Brief:
For this exercise, restate every line below word for word and drop the images.

(Beginning of Provided material)

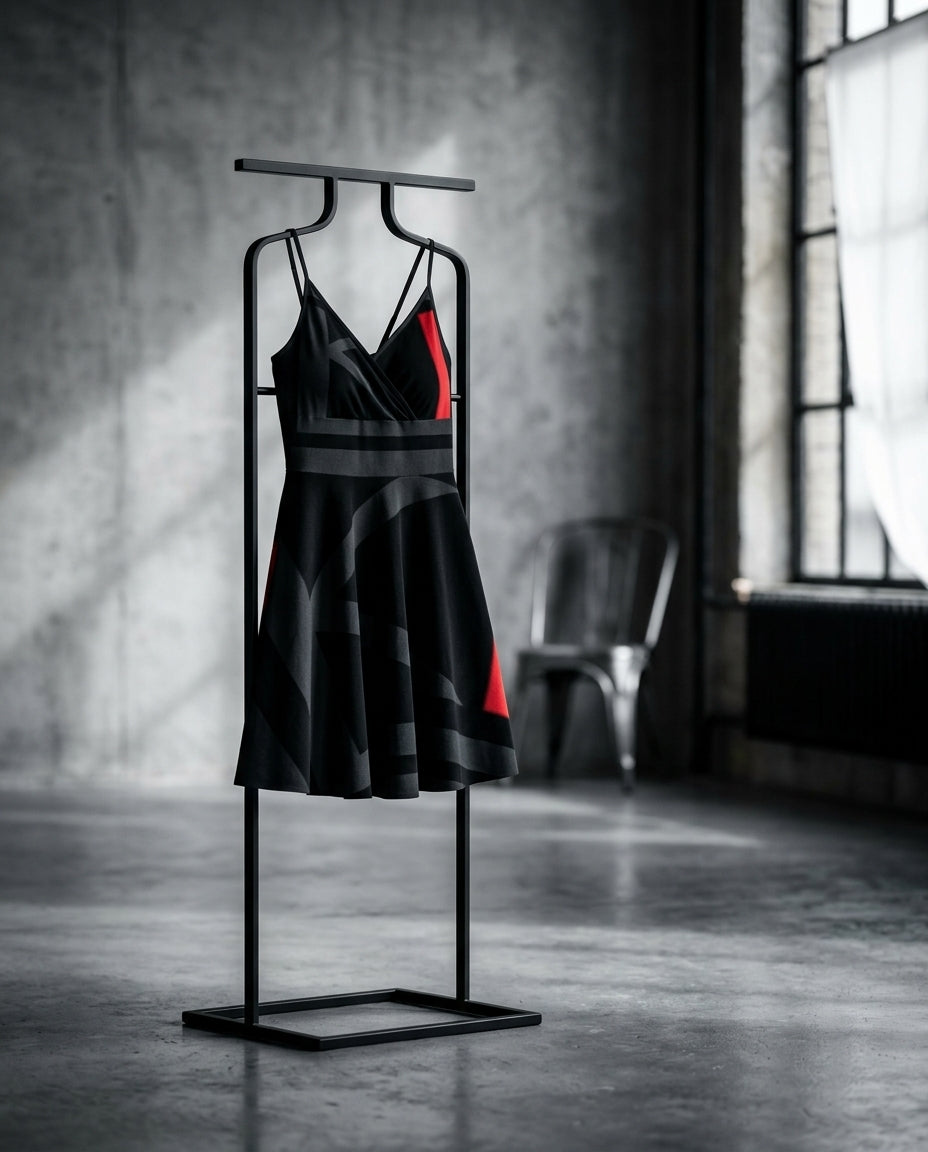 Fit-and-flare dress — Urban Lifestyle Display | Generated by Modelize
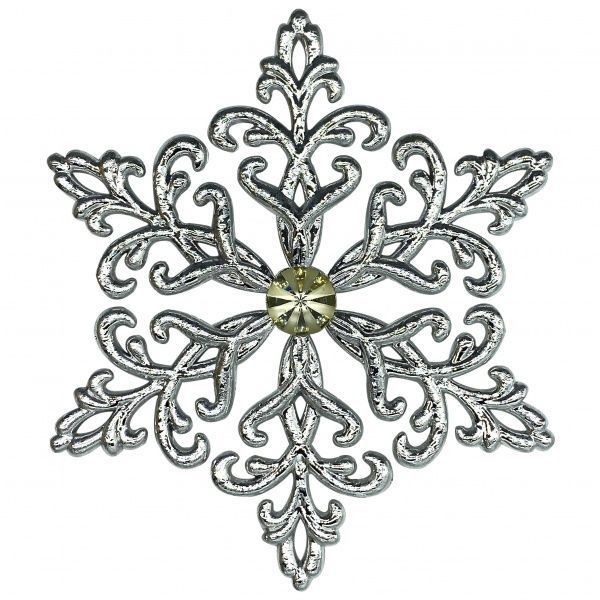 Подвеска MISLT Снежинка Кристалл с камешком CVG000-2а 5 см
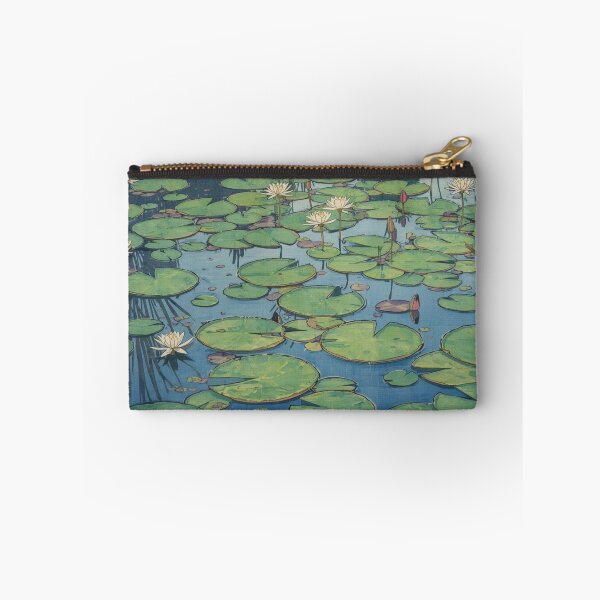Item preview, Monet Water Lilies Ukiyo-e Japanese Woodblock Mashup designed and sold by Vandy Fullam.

(End of Provided material)

Answer to this task:
 Fit-and-flare dress — Urban Lifestyle Display | Generated by Modelize
 Подвеска MISLT Снежинка Кристалл с камешком CVG000-2а 5 см
Item preview, Monet Water Lilies Ukiyo-e Japanese Woodblock Mashup designed and sold by Vandy Fullam.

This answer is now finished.